WORK ITEM: Restate word for word the line containing "Gebraucht BMW 640" and every following line in the material below, up to and including the last one.

DATA EXTRACT:
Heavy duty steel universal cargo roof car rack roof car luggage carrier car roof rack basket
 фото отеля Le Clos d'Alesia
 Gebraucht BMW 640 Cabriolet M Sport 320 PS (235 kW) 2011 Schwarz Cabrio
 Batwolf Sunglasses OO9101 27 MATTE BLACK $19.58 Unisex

RESPONSE BELOW:
 Gebraucht BMW 640 Cabriolet M Sport 320 PS (235 kW) 2011 Schwarz Cabrio
 Batwolf Sunglasses OO9101 27 MATTE BLACK $19.58 Unisex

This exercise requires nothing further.